BEGIN Data for the task
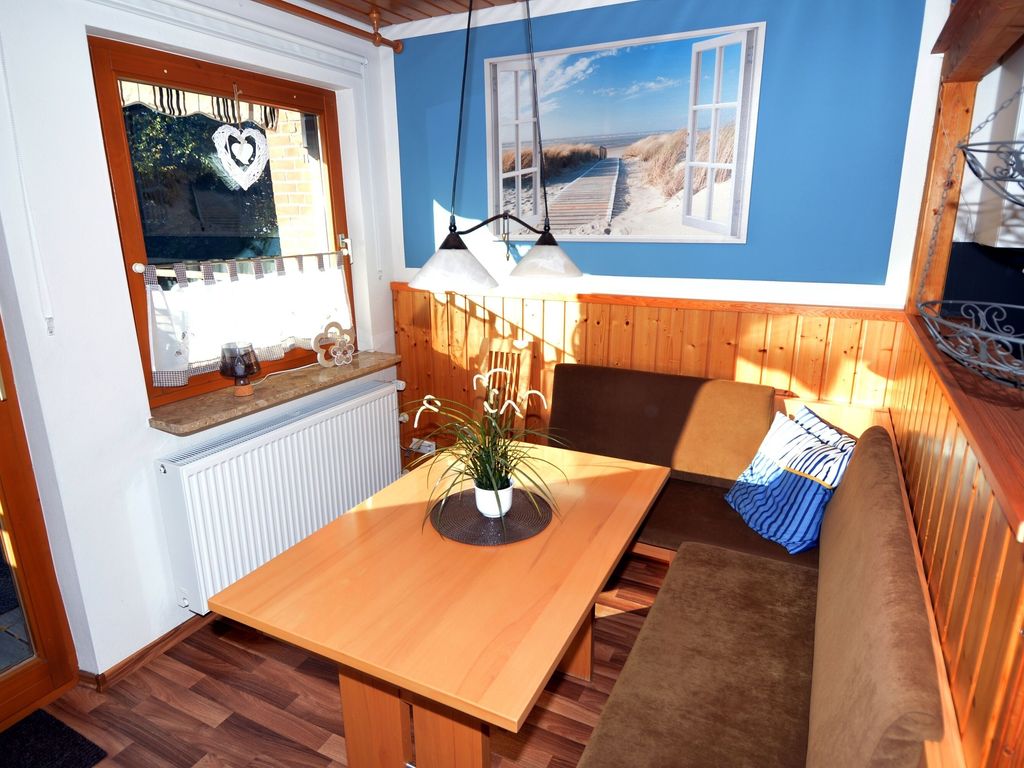 Windstill - Wendstrasse 16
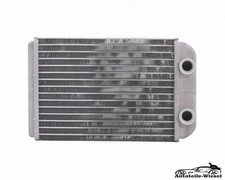 Wärmetauscher Innenraumheizung für Fiat Bravo II 198 1.4 1.6 2.0 Stilo 01-14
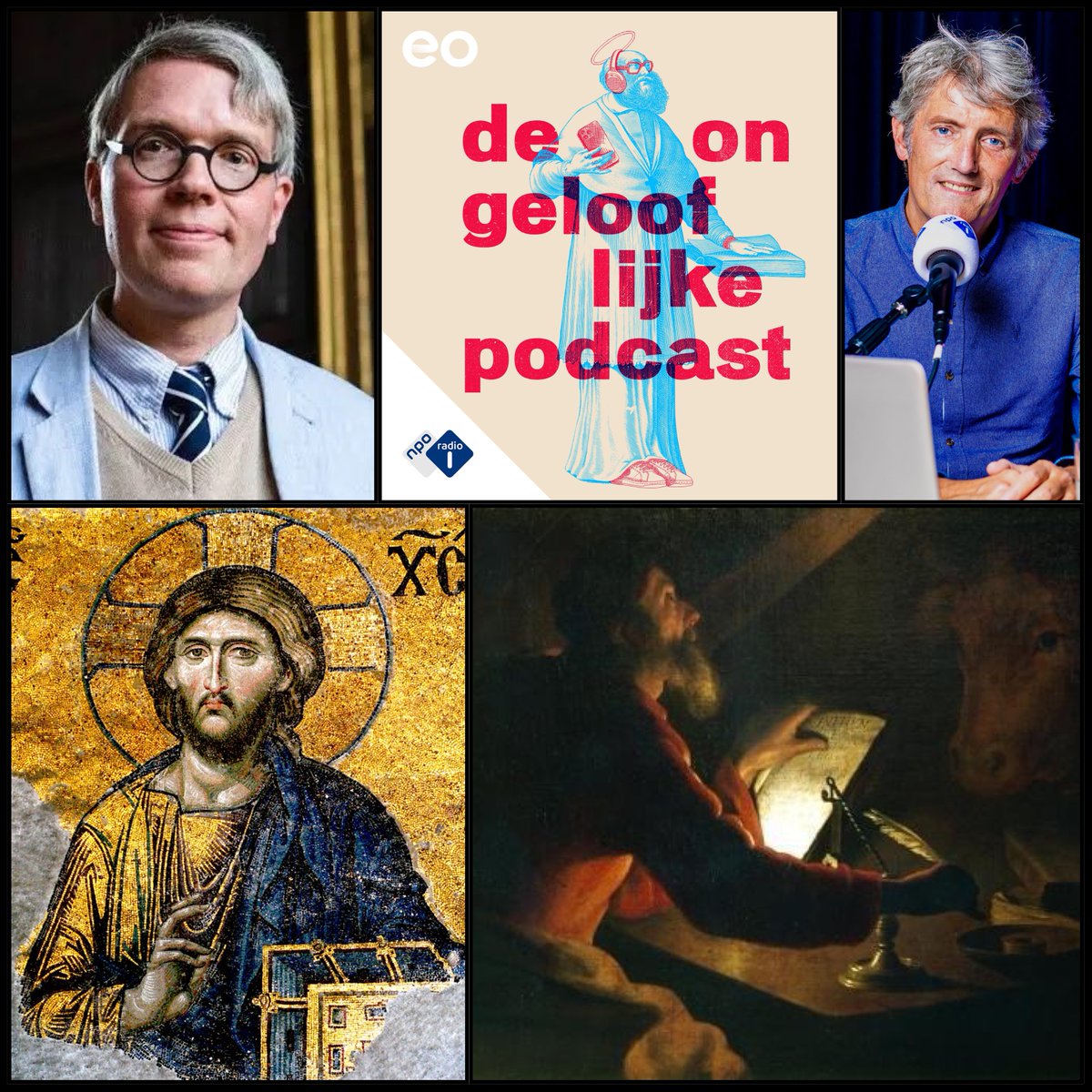 David Boogerd tweet media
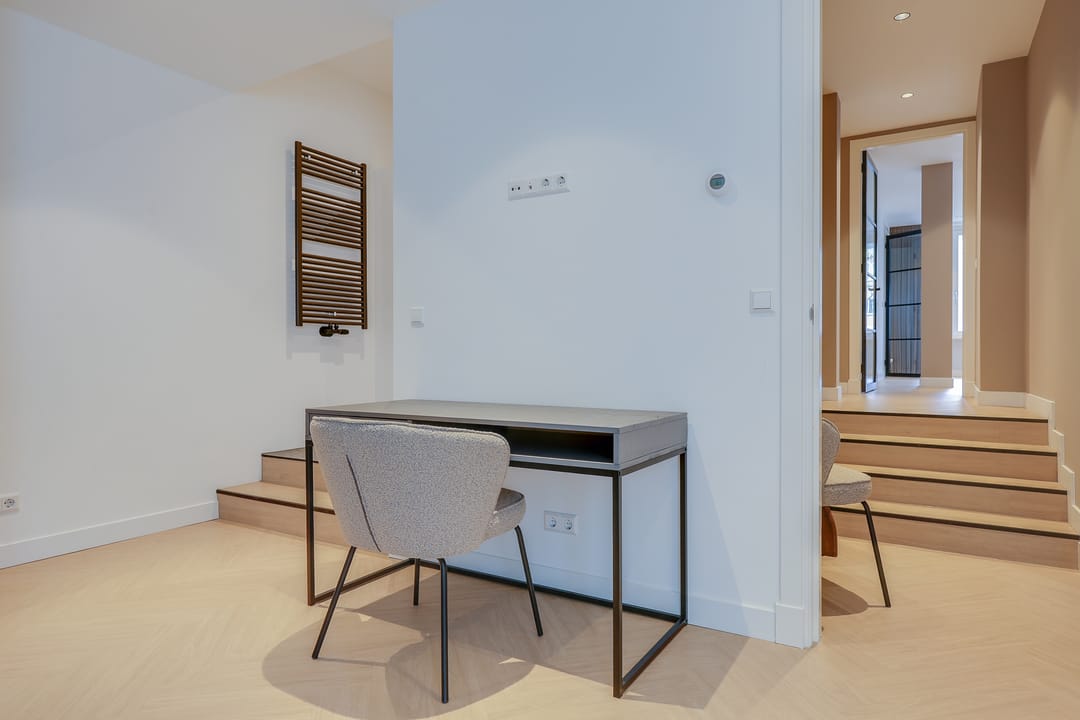 Foto 23 van Sloterkade 76-H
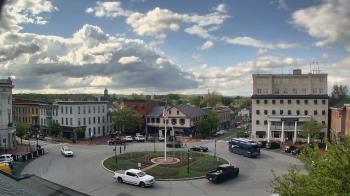Thumbnail for current weather camera view from Blue and Gray Bar and Grill in Gettysburg, Pennsylvania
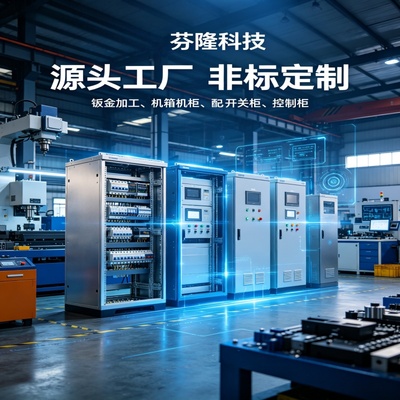 肇庆市端州区成套配电箱，开关柜定制-源头厂家-放心省心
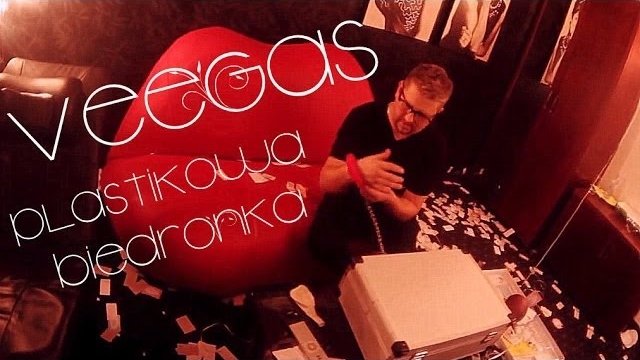 Veegas - Plastikowa Biedronka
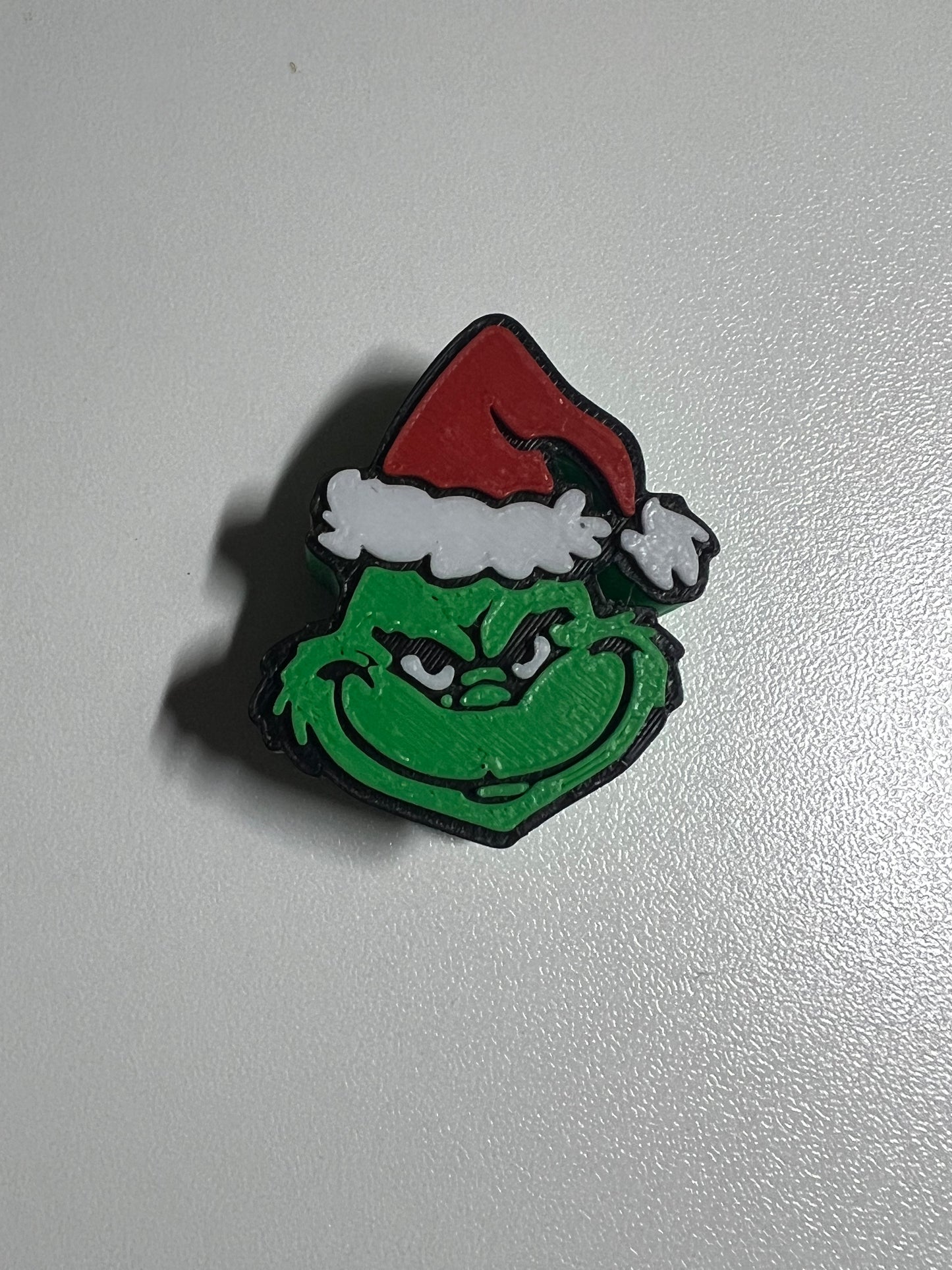 In-House 3D Straw toppers/ Key chains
END Data for the task
Return the lines exactly, from the one containing "Veegas - Plastikowa Biedronka" through the last line above, including both ends and excluding every picture.

 Veegas - Plastikowa Biedronka
 In-House 3D Straw toppers/ Key chains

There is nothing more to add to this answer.